Erdoğan’s attack on civil society

Turkish President Tayyip Erdoğan was on an “Africa tour” recently, a trip that included official visits to Ethiopia, Djibouti and Somalia. There is much to support about Turkey's presence in these countries, especially Somalia, where Erdoğan really extended a charitable hand to an impoverished nation. However his trip has a less inspiring motive as well: To convince African leaders to close down the “Turkish schools” in their countries.

That sounds a bit odd, right? You would not expect to see the French president, for example, come to Ankara to convince Turkish leaders to close the Saint Benoit or the Notre Dame De Sion colleges, which were both opened by French Catholic missionaries in the 18th and 19th centuries. The “Turkish schools” in question are quite similar to these institutions, opened over the past two decades by people who one could call “Muslim missionaries,” inspired (and instructed) by U.S.-based Islamic scholar Fethullah Gülen.

The problem is that Erdoğan now sees the Gülen movement, which once was his best ally, as his worst enemy, and he tries to undermine it by all means necessary. That includes even attacking the very Gülen-inspired schools that Erdoğan himself used to praise only a few years ago.

The sad thing for Turkey is that these Gülen-led schools - which number almost 1,000 in some 130 countries, ranging from Mongolia to South Africa - amount to the most notable Turkish civil society project ever. They are also a great part of Turkey's “soft power” in the world, raising generations that receive a good, modern education, speak English well, but also receive a taste of Turkish-Muslim culture.

How these schools became Erdoğan’s target is, of course, closely related to the political war in Turkey. The Gülen movement has a large presence within the bureaucracy, especially in the police and judiciary. Ironically, Erdoğan helped this effort wholeheartedly when the common enemy was the secularists. Once that enemy was defeated through vicious witch-hunts the alliance also ended. Erdoğan believed that he no longer needed the “parallel state” he had helped create. The parallel state believed that now Erdoğan was yet another suspect who needs to be investigated – this time not for a “coup,” but rather for corruption.

Since the beginning of this war, I have emphasized certain principles: The legitimate place for the Gülen movement, or any other religious order, is civil society. Their members can exist in the bureaucracy as individuals, but not as a concerted, sectarian force. Therefore, the “parallel state” needs to be disestablished, and its alleged wrongdoings – from illegal wiretappings to manufactured evidence – should be brought to justice. But this must not allow the government to cover up its corruption. It also must not allow attacks on the legitimate, civil society aspect of the Gülen movement.

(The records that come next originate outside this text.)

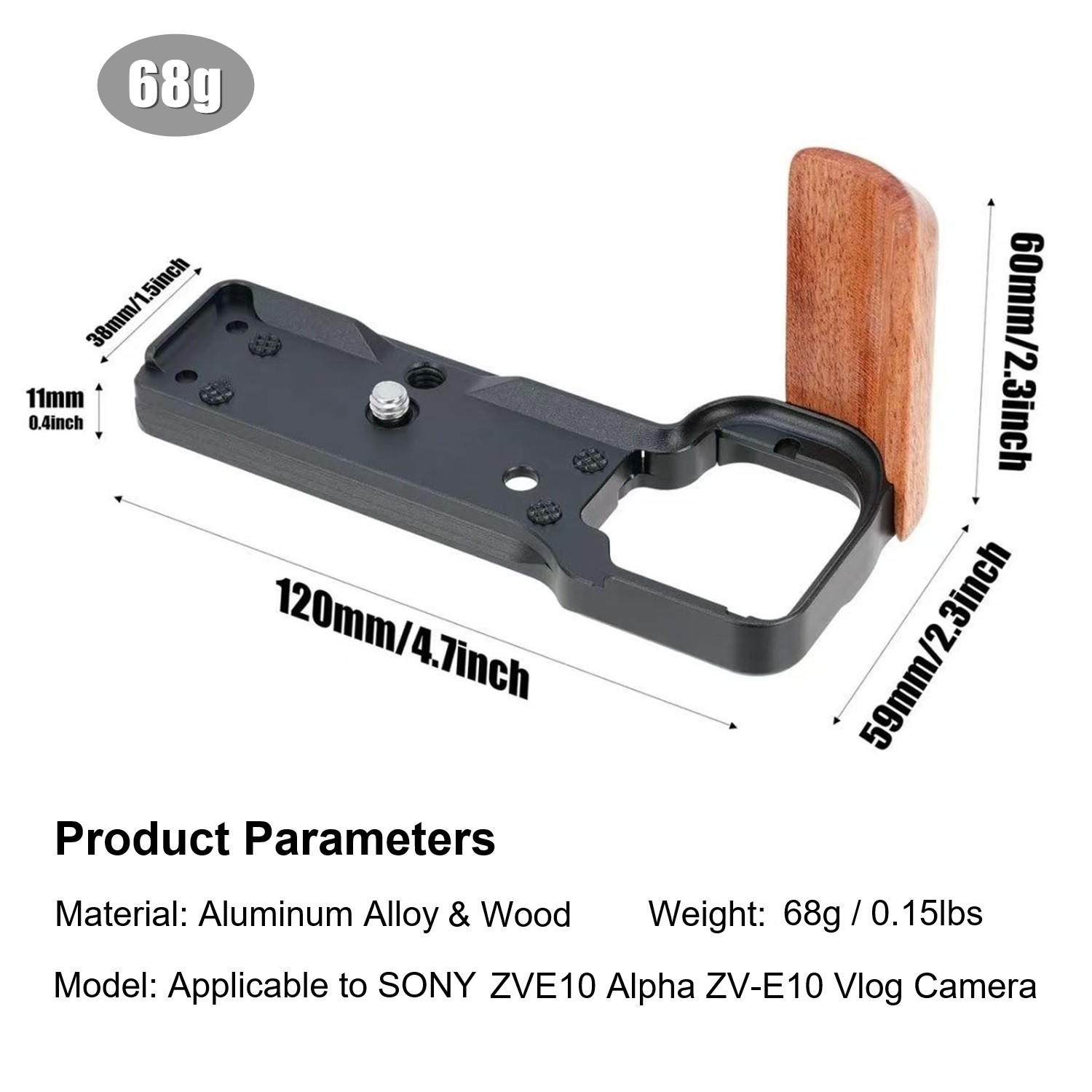 Compatible con la cámara Sony  - Camera Cage Baseplate reseña y precio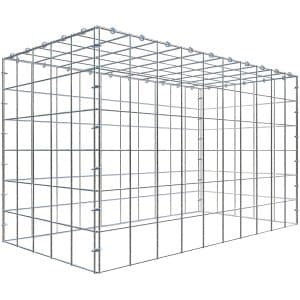 Gabiona C-Ring-Gabione-Anbaukorb Typ 3 60 x 100 x 50 cm Maschenw 10 x 10 cm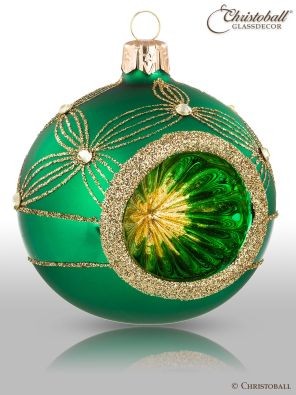 Reflex Weihnachtskugel Smaragd-Grün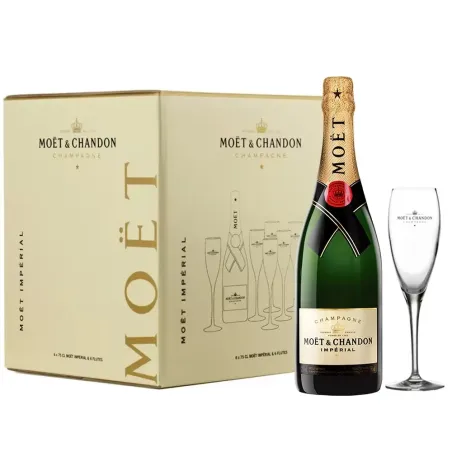 Moet & Chandon Brut Imperial Pack All In One +  6 Copas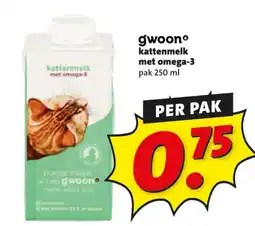 Boni gwoon kattenmelk met omega-3 aanbieding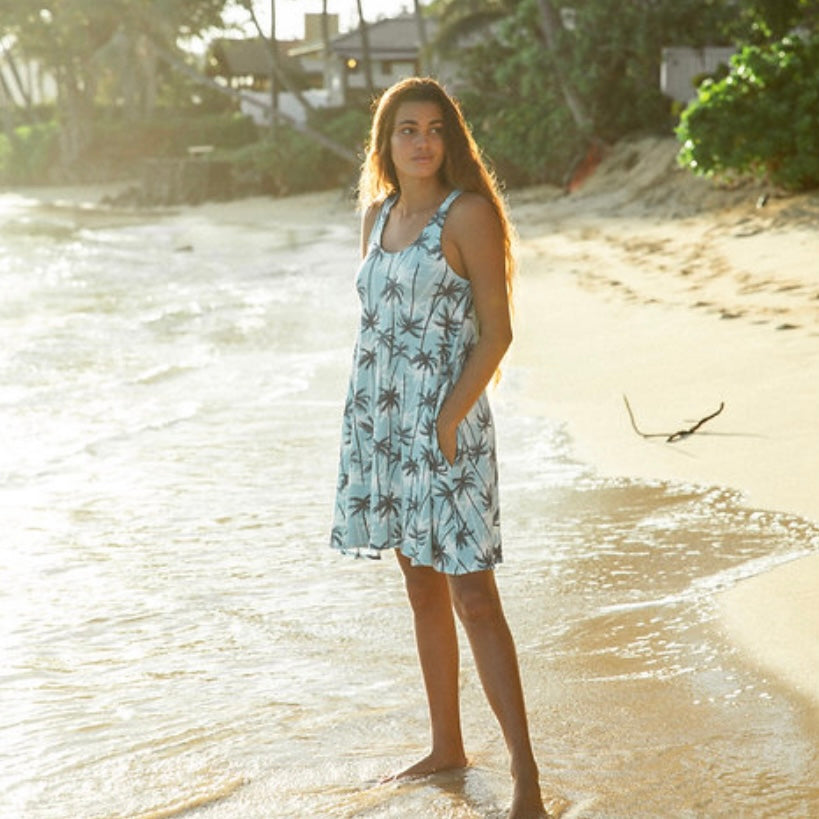 Vermilli Hawaii • Valentine Dress • Blue Bells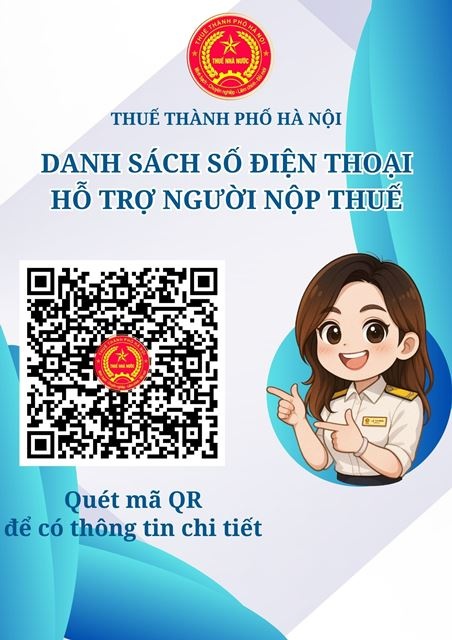 Thuế TP Hà Nội thông báo về địa điểm tiếp nhận hồ sơ và trả kết quả giải quyết TTHC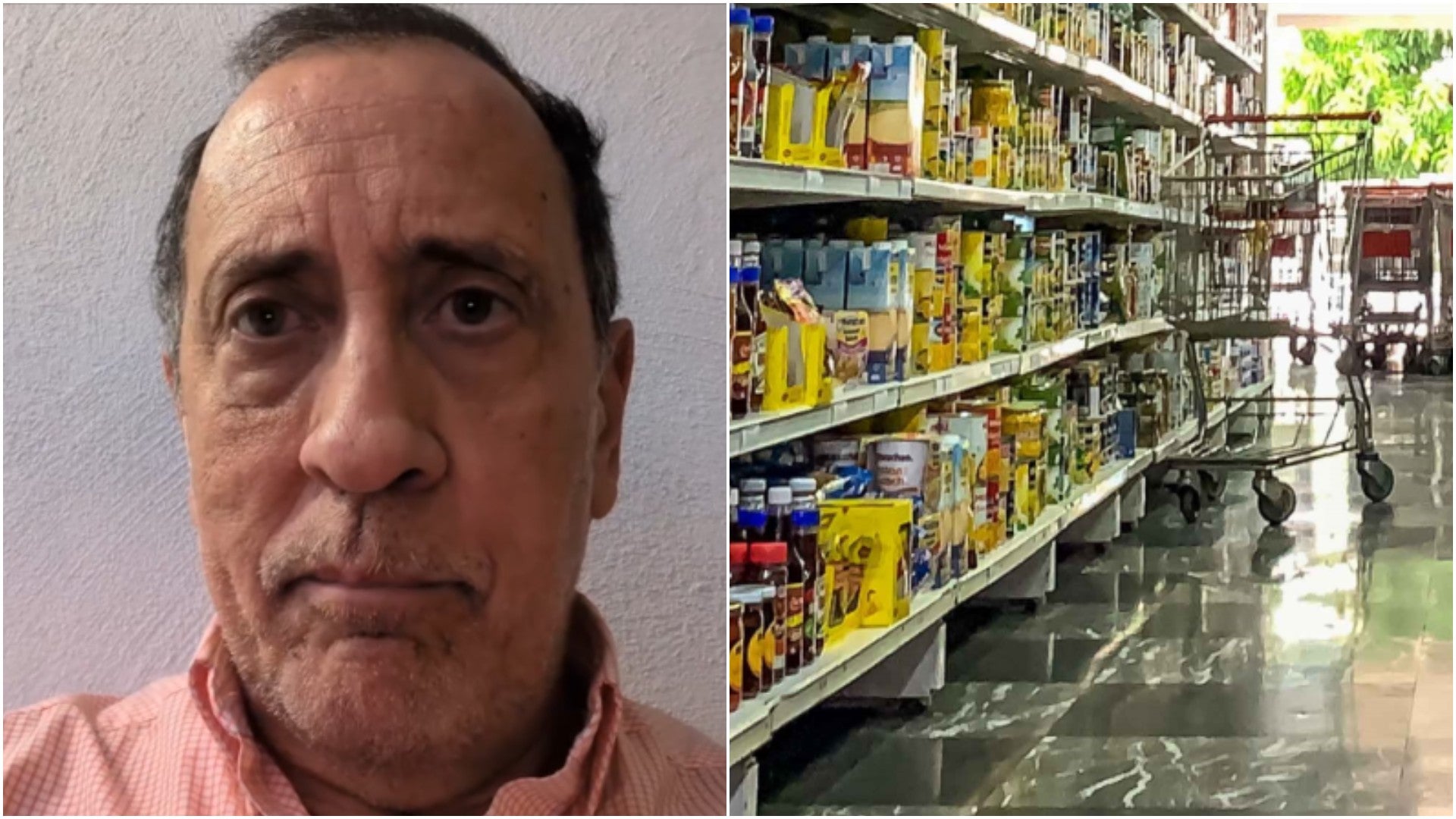 José Guerra, economista y exdiputado de la AN / Supermercado en Venezuela - Fotos de referencia: Threads / EFE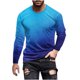 thumbnail image 2 of Blusas y camisas de manga larga con cuello redondo para hombre, blusa informal de manga larga con cuello redondo y estampado, blusa de poliéster para hombre, 2 of 4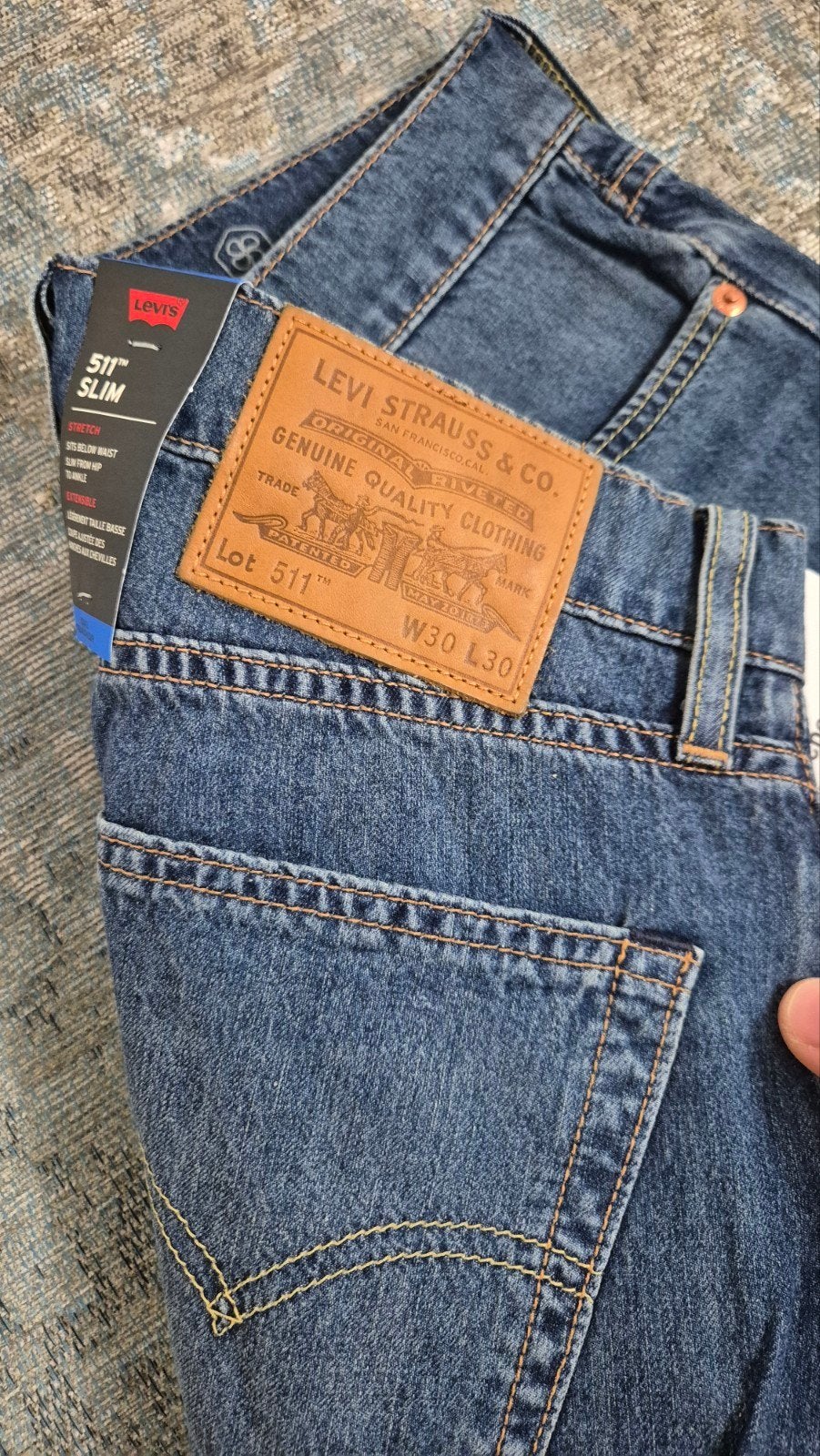 Levi's 511 W30 L30 NIEUW Slim STRETCH Bronno3030 Blauw Cool, Levi's, Blauw, Levi Strauss Nederland, Nieuw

However, no actor in the game is interested in such principles, including - especially - Erdoğan himself. The lesson he has taken from all of this is that the Gülen movement is a threat to his rule, and so it should be wiped out – not just from the bureaucracy, but from the face of the earth. Hence comes his current effort to finish off these schools in Africa and elsewhere.

In fact, government spokesmen are happily telling us that these schools will not be closed, but rather “taken over by the Education Ministry.” This practically means that civil society will be crushed and its assets will be confiscated by the state. It also means that while escaping from the “parallel state,” we are gradually heading toward a totalitarian state.